Quando um autor desaparece extemporaneamente, qualquer exibição dos seus trabalhos encerra diversos perigos, principalmente os que convocam sentimentos de perda. Admitir esta tendência equivale a afirmar que a exposição teria um objetivo determinado, o que não é o caso. No início, existiam apenas alguns rudimentos de ideias, provenientes de um estranho sentimento de urgência, estimulado por uma vontade de mostrar uma autora que tinha trabalhado um núcleo de imagens singulares, cujo sentido foi deixado em aberto pelo seu desaparecimento precoce.

A exposição de Patrícia Almeida é um exercício de observação. Reúne um corpo de trabalho forte e abrangente, organizado numa sequência alargada de imagens que exprimem as diversas facetas de uma obra. Com esta mostra pretende-se lançar um desafio ao espectador mais desprevenido, convidando-o a fundir-se com o olhar observador e atento da artista, materializado numa fusão de papéis, nos quais Patrícia Almeida e o recetor são levados a interrogar-se numa aprendizagem transformadora, face aos sinais do tempo.
























Considerando-se que todos os sistemas de ideias, logo após a sua constituição, encetam de imediato uma luta pela própria sobrevivência, as obras desta artista apresentam uma serenidade pacífica, mostrando lugares desprovidos de intensidade e tensão existencial: as pessoas surgem assim como entidades ausentes não dependentes da obrigatoriedade de possuírem seguidores; o indivíduo descobre o seu lugar na sociedade do rendimento que tudo abarca, através de uma atitude de exclusão. As fotografias revelam uma ideia de vazio, de falta de confronto ideológico, sugerindo posicionamentos superiores e elevação dos espíritos para dimensões subjetivas assentes em interioridades pessoais e solitárias. Num mundo cada vez mais competitivo, o êxito dos mais fortes é uma tentação com uma enorme força atrativa; exprime ideologias de supremacia que se têm difundido um pouco por todo o lado; este facto pressupõe desvios na igualdade, através da intensificação de uniformidades. Os desequilíbrios provocados pelos sistemas maioritários geram conflitos sociais, económicos, políticos, culturais... em contexto excessivamente homogéneos, exigindo do sujeito mais lúcido distanciamentos, face aos poderes instalados; as paisagens urbanas e não urbanas refletem cada vez mais esta realidade. As fotografias expostas mostram, de forma hábil, como as sociedades atuais, depois de consolidadas e institucionalizadas, são incapazes de moderar o impacto das estratégias de poder: como não conseguem conter as ambições de influência ou tendências populistas, põem cada vez mais a descoberto espaços de ninguém, nuns casos saturados de informação noutros abandonados à espera de novas utilidades, embora todos eles, controlados e vigiados.
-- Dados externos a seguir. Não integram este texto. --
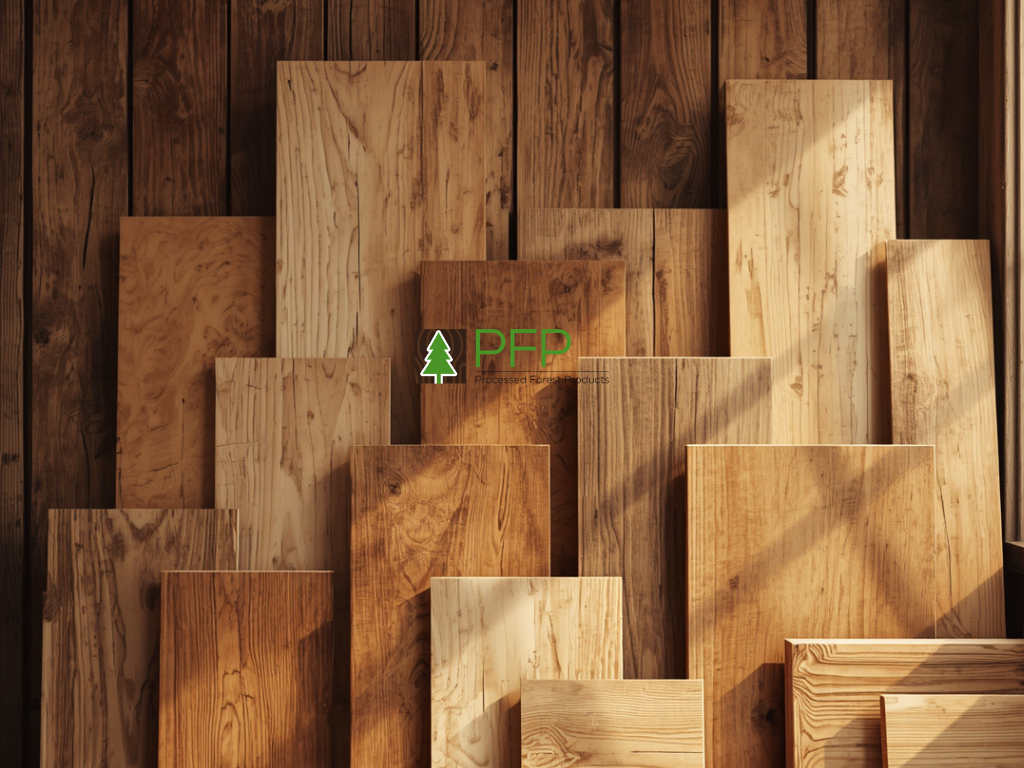 sustainable veneer sustainable veneers, fsc certified veneer, wood veneer suppliers, wood veneer supplies, wood veneers, wood veneer design, veneer laminate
Nesta exposição, as obras da artista representam um amplo processo de reflexão crítica, centrado no sujeito que assume o papel de testemunha numa narrativa sem personagens. Esta descreve a história de um ser que tem de partilhar um conhecimento constantemente desatualizado, num mundo enigmático e transitório. A atividade crítica fica assim, circunscrita a uma única pessoa (a autora) que chama a si a responsabilidade de dar voz a um conjunto de emoções e pensamentos, expressos numa mundivisão que denuncia radicalidade e violência. Estas fotografias traduzem as enormes qualidades humanas da artista que, fazendo sobreviver a sua arte em espaços ambíguos de desassossego e inquietação, projeta-os em visões, ora contraditórias ora sensíveis, baseadas no enorme potencial da verdade.